また、プラネタリギヤDPと第1クラッチC−1と第3クラッチC−3と第4クラッチC−4とをプラネタリギヤユニットPUの軸方向一方側に配置し、かつプラネタリギヤDPと第4クラッチC−4とを第3クラッチC−3のクラッチドラム42より内周側に配置したので、第1クラッチC−1及び第3クラッチC−3の摩擦板21,41の面積を大径化することが可能であって、減速回転を伝達するための第1クラッチC−1及び第3クラッチC−3の容量を大きくすることができるものでありながら、入力回転を伝達するために比較的伝達可能なトルク容量が小さくて足りる第4クラッチC−4とプラネタリギヤDPとを、第3クラッチC−3のクラッチドラム42の内周側に配置することができ、例えば前進8速段、及び後進2速段のような多段変速が可能な車輌用自動変速機127をコンパクト化することができる。
更に、入力軸12上にかつプラネタリギヤDPに隣接して、第1クラッチC−1の油圧サーボ20を配置し、第1クラッチC−1の油圧サーボ20に入力軸12内に設けられた油路から作動油を供給するので、例えば油圧制御装置から作動油を供給する油路、即ちボス部3b内の油路と入力軸12との間、及び第1クラッチC−1の油圧サーボ20と入力軸12との間にそれぞれ1対のシールリングd5,d6,d7,d8を設けるだけで作動油を供給することができ、例えば他の部材を介して作動油を供給する場合に比して、シールリングの数を低減することができる。これにより、車輌用自動変速機127の効率の悪化、制御性の低下を防ぐことができる。

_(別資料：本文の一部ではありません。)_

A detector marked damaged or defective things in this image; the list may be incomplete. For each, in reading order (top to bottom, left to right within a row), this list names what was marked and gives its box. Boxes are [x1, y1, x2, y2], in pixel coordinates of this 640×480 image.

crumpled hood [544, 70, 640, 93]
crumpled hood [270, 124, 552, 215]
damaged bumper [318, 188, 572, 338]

また、第3クラッチC−3及び第4クラッチC−4は第1クラッチC−1の外周側を通してプラネタリギヤユニットPUのサンギヤS2に連結するので、第1クラッチC−1の外周側が第3クラッチC−3及び第4クラッチC−4とプラネタリギヤユニットPUのサンギヤS2を連結する連結部材101などが通るため、第1クラッチC−1の外周側への大径化は制限されるが、第1クラッチC−1は入力軸12上に配置されているため、ボス部3bに配置するのと比較して、内径方向に大きくすることによって第1クラッチC−1の容量を確保することができる。
更に、プラネタリギヤユニットPUのサンギヤS2は、第4クラッチC−4により入力回転が伝達自在であり、かつ第3クラッチC−3により減速回転が伝達自在であり、かつ第1ブレーキB−1により回転が固定自在であり、サンギヤS3は、第1クラッチC−1により減速回転が伝達自在であり、キャリヤCR2は、第2クラッチC−2により入力回転が伝達自在であり、かつ第2ブレーキB−2により回転が固定自在であり、リングギヤR2はカウンタギヤ150に連結されているので、例えば前進8速段、及び後進2速段の多段変速が可能になる。

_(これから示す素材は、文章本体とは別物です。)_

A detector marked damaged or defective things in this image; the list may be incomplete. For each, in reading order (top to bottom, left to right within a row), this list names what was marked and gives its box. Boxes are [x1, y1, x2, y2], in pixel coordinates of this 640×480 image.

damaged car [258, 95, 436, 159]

また、第3クラッチの摩擦板41をリングギヤR1の外周側に配置し、第4クラッチC−4を第3クラッチC−3の油圧サーボ40と第3クラッチC−3の摩擦材41との軸方向の間に配置するので、第4クラッチC−4が第3クラッチC−3の油圧サーボ40又は摩擦板41と径方向においてオーバーラップすることを防ぐことができるため、例えば第4クラッチC−4を第3クラッチC−3の内周側に配置するのと比較して大径化することができるので、第4クラッチC−4の容量を確保することができ、結果として車輌用自動変速機127を軸方向にコンパクト化することができる。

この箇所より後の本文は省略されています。